New Jersey has every right to be upset about New York’s “convenience of the employer” rule, which unfairly forces New Jerseyans who live and work in New Jersey to pay New York taxes. But legislation that has passed the New Jersey legislature would fight fire with fire — leaving taxpayers in both states to get burned.

New York’s “convenience of the employer rule” requires taxpayers who switch from working in person for a New York employer to working remotely in another state for the same employer to continue paying New York taxes. This confusing rule, which only a few other states enforce, is a fairly naked revenue grab by a state known for its aggressive tax nexus policies. (The states with a “convenience of the employer” rule are New York, Pennsylvania, Delaware, Nebraska, and most recently Alabama.
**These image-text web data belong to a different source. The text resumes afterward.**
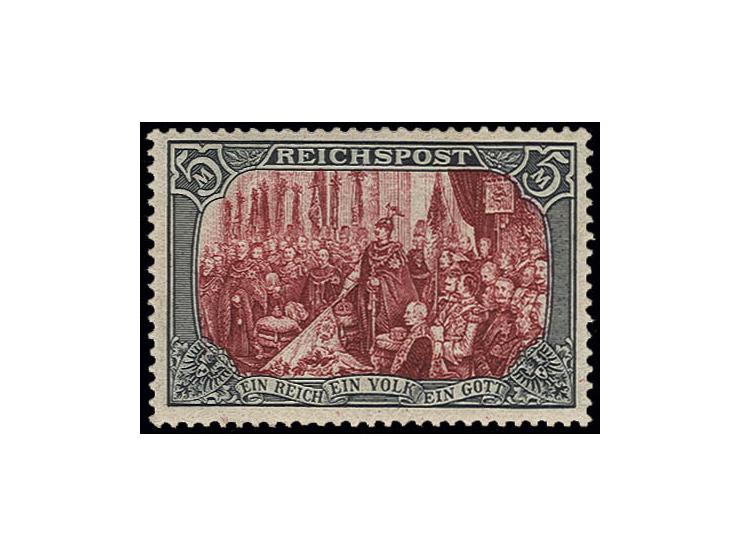5 M., Type I mit weißer und roter Nachmalung, ungebraucht, Pracht, sign. Jäschke BPP (Mi. 450,-)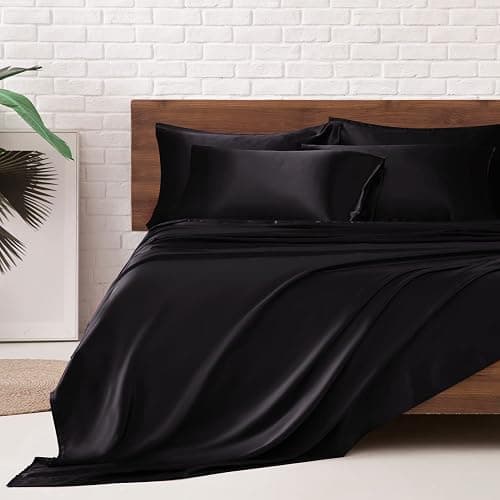MR&HM Satin Bed Sheets, Full Size Sheets Set, 6 Pcs Silky Bedding Set with 15 Inches Deep Pocket for Mattress (Full, Black) - Image 1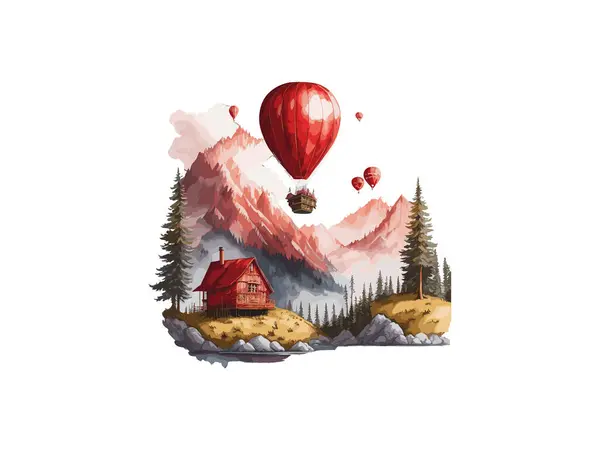 Akvarell Air Balloon Svg Clip Art Med Landskap — Stock vektor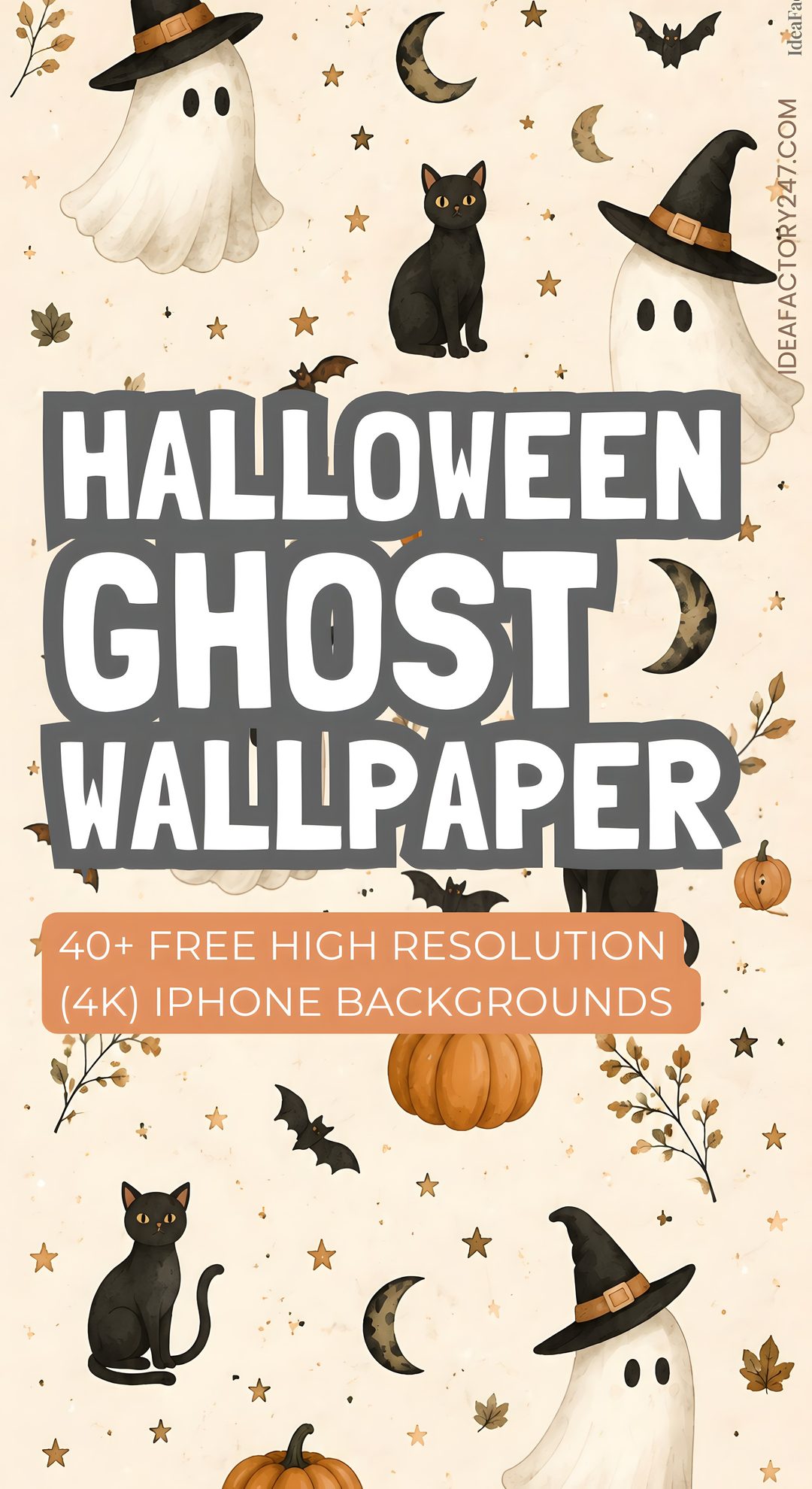 halloween ghost wallpaper with black cats and pumpkins Free Halloween Iphone antique white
Oregon enforces a similar rule only for managerial staff, while Connecticut enforces a retaliatory version only against residents of states that enforce their own “convenience” rules). 
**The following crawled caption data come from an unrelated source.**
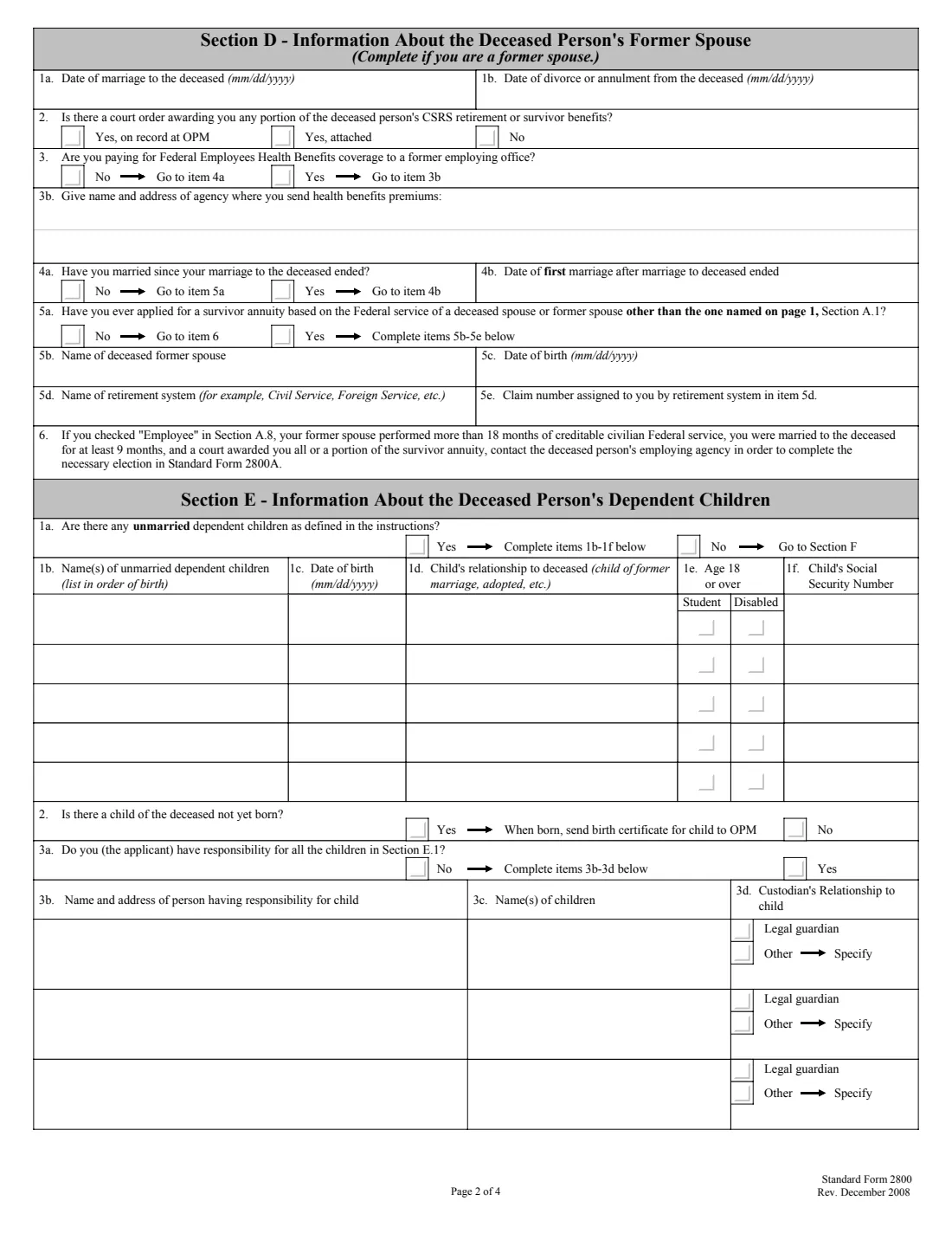SF 2800 (2008) Application for Death Benefits - Civil Service Retirement System — page 5 of 7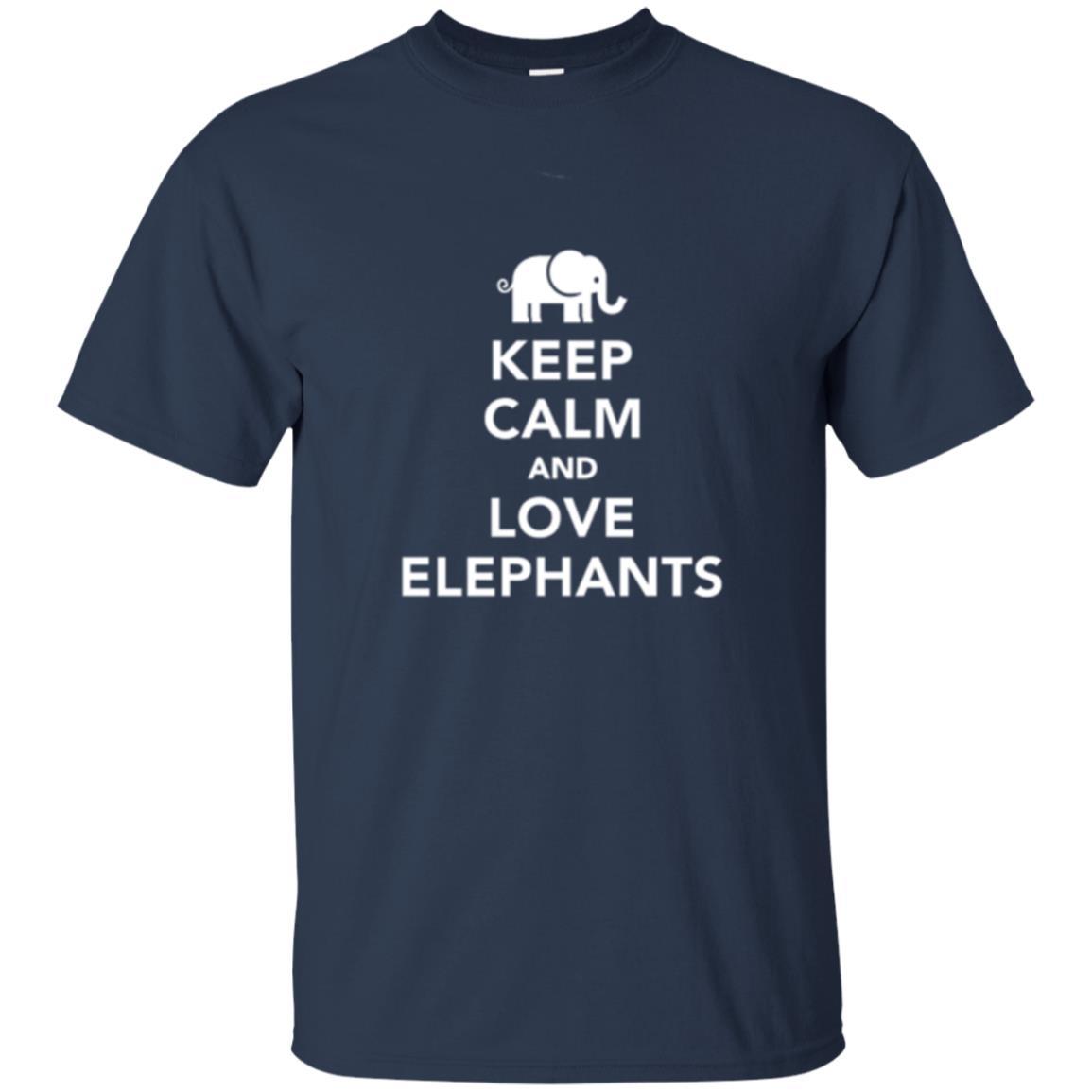 Elephant Lover T-shirt Keep Calm And Love Elephants T-shirt Navy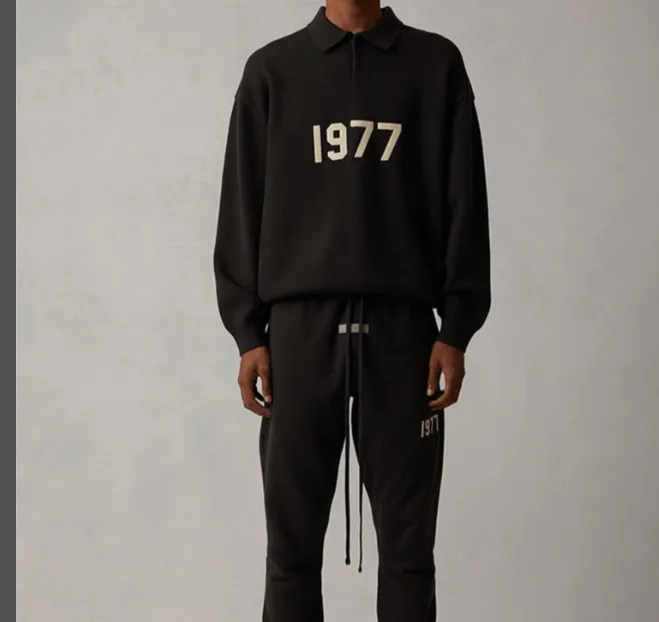 FEAR OF GOD ESSENTIALS FOG 22SS197 Digital Plush Printed Loose Legged Pants Metal Grey S M L XL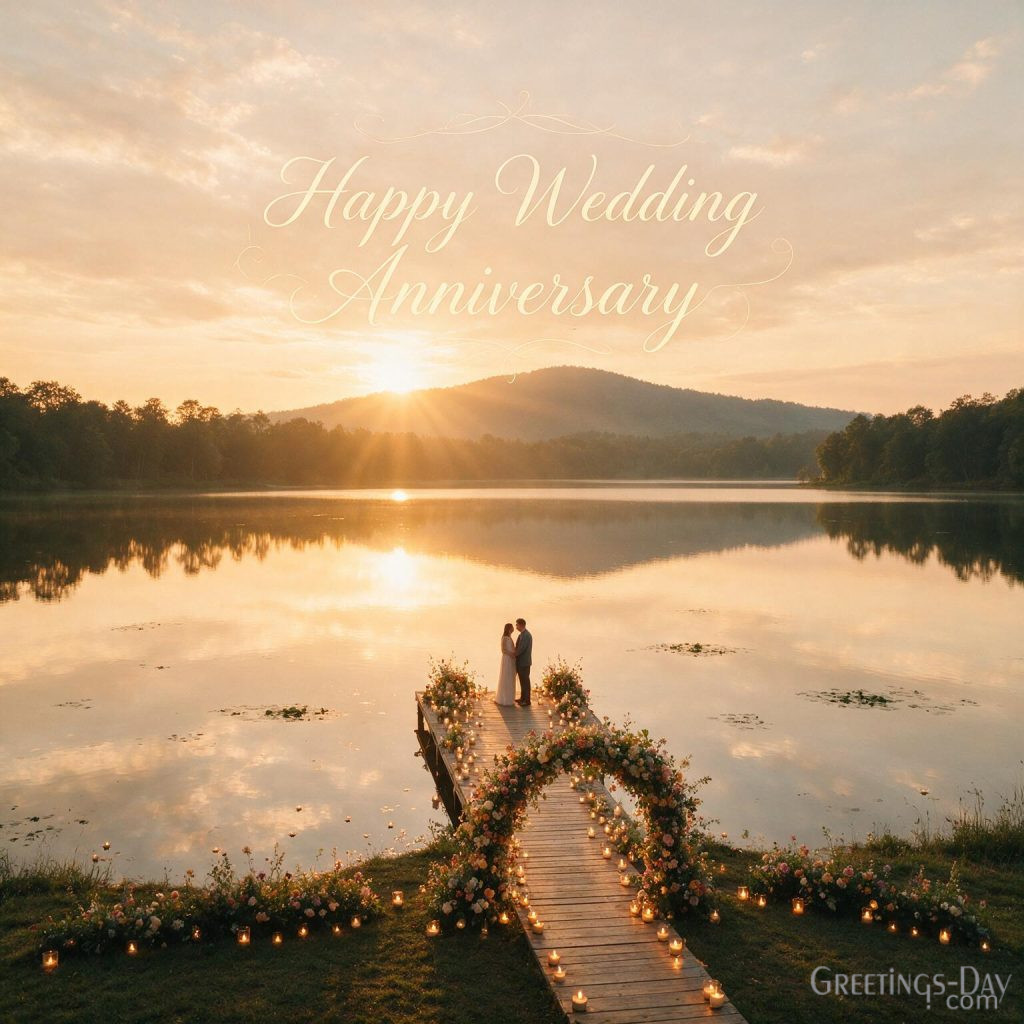Romantic Wedding Anniversary Images with lake sunrise featuring Happy Wedding Anniversary greeting for couples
For New Jersey policymakers, this represents a threat to its coffers, as it loses out on income tax revenue that should rightfully be going to New Jersey. Consequently, the state recently passed legislation that would, among other things, enforce a retaliatory version of this “convenience” rule only against residents of states that also enforce such rules (most notably New York and Delaware, as Pennsylvania and New Jersey have a reciprocity agreement that prevents the “convenience” rule from coming into effect).
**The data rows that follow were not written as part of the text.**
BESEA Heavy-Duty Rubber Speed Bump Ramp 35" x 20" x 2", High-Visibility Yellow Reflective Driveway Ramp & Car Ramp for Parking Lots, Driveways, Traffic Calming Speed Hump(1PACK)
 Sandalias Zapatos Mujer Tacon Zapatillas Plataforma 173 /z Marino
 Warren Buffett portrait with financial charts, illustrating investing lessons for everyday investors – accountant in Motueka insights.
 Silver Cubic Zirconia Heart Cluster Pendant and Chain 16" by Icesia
But perhaps the more important issue is how “convenience” rules affect taxpayers themselves. Not only are they confusing and often result in tax increases, but they are difficult to justify. In theory, taxpayers owe taxes to a state when they benefit from that state’s institutions. A taxpayer physically traveling into and working in a state benefits from that state’s roads, police, and other infrastructure that generally makes it possible for them to work and earn an income in that state.

A taxpayer who lives and works in an entirely different state benefits in no way from these services. Certainly, their employer and in-person colleagues benefit, but this is already covered by the employer’s corporate income tax liability and their coworkers’ personal income taxes. There is little justification to tax a remote employee who lives and works in an entirely different state.

What’s more, “convenience” rules create the worrisome potential for double taxation. Under normal circumstances, a taxpayer commuting across state lines pays income tax to their state of work, then claims a credit for those tax payments against their income tax liability in their state of residence. But in the case of “convenience” rules, an employee’s state of residence may be unwilling to provide a credit to a taxpayer who lived and worked in their state all year, leaving the taxpayer caught in the middle of a tug of war between two state revenue departments.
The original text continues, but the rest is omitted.